Improving Wireless Federated Learning via Joint Downlink-Uplink Beamforming over Analog Transmission
Chong Zhang, Min Dong, Ben Liang, Ali Afana, Yahia Ahmed
TL;DR
This work tackles the degradation of federated learning caused by noisy wireless channels in a setting with analog downlink transmission and over-the-air uplink aggregation using a multi-antenna BS. It derives a round-trip global model update equation and upper bounds on the expected training loss after $T$ rounds, tying convergence to the joint downlink-uplink beamforming design. To optimize learning performance efficiently, it introduces JDUBF, with two variants JDUBF-R (receive-only uplink beamforming) and JDUBF-TR (joint transmit-receive uplink beamforming), solved online per round via a greedy BCD-PGD framework and aided by a closed-form initialization.

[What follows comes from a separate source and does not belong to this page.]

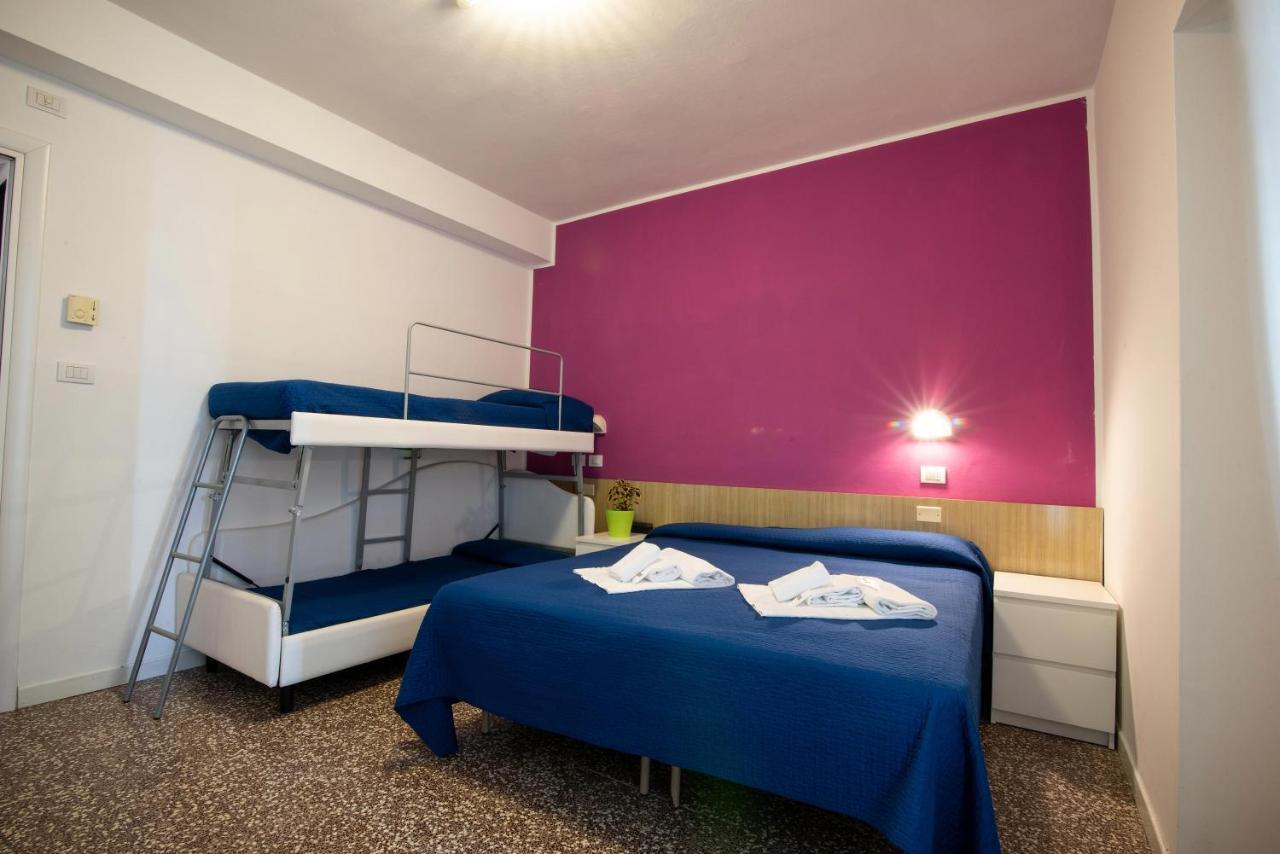 Nuova Hotel 2*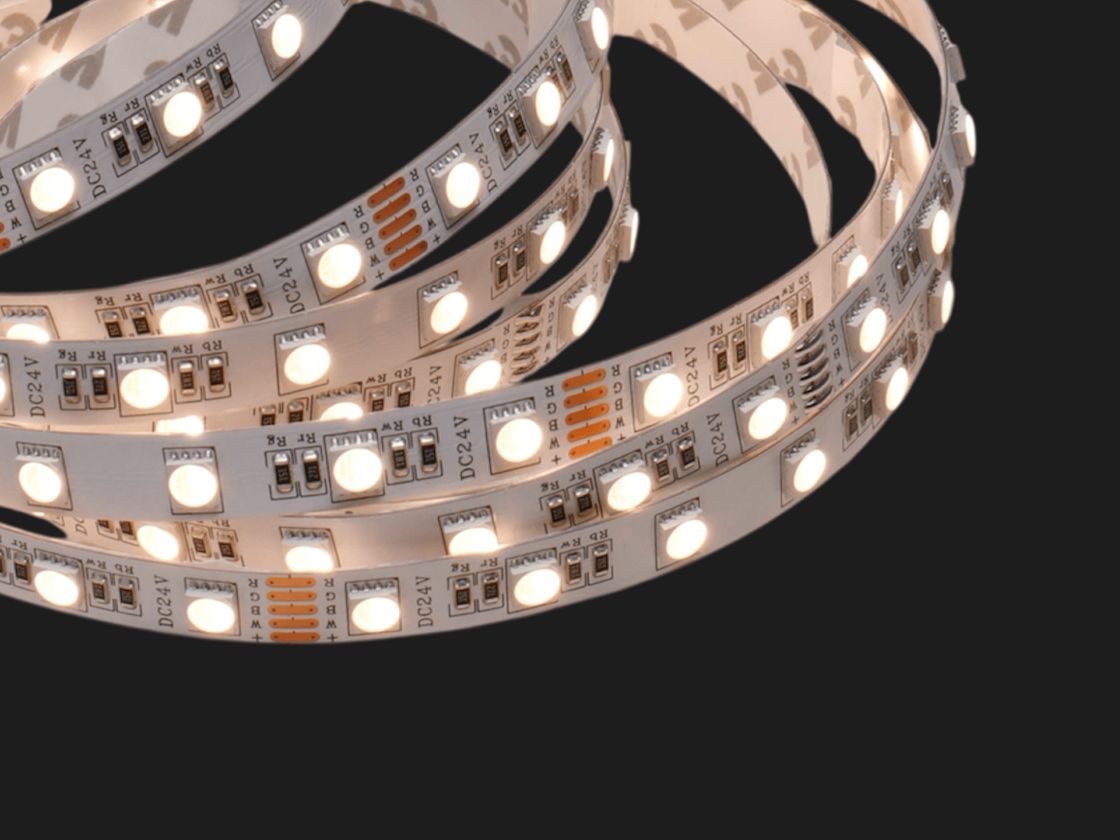 G‘altakdagi 5050 LED lenta, iliq oq rangda yoritish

Experiments on MNIST with realistic 5G-like channels show JDUBF-TR substantially improves convergence and can nearly match ideal FL under favorable conditions, underscoring the practical value of joint transceiver design for wireless FL.
Abstract
Federated learning (FL) over wireless networks using analog transmission can efficiently utilize the communication resource but is susceptible to errors caused by noisy wireless links. In this paper, assuming a multi-antenna base station, we jointly design downlink-uplink beamforming to maximize FL training convergence over time-varying wireless channels. We derive the round-trip model updating equation and use it to analyze the FL training convergence to capture the effects of downlink and uplink beamforming and the local model training on the global model update. Aiming to maximize the FL training convergence rate, we propose a low-complexity joint downlink-uplink beamforming (JDUBF) algorithm, which adopts a greedy approach to decompose the multi-round joint optimization and convert it into per-round online joint optimization problems. The per-round problem is further decomposed into three subproblems over a block coordinate descent framework, where we show that each subproblem can be efficiently solved by projected gradient descent with fast closed-form updates. An efficient initialization method that leads to a closed-form initial point is also proposed to accelerate the convergence of JDUBF. Simulation demonstrates that JDUBF substantially outperforms the conventional separate-link beamforming design.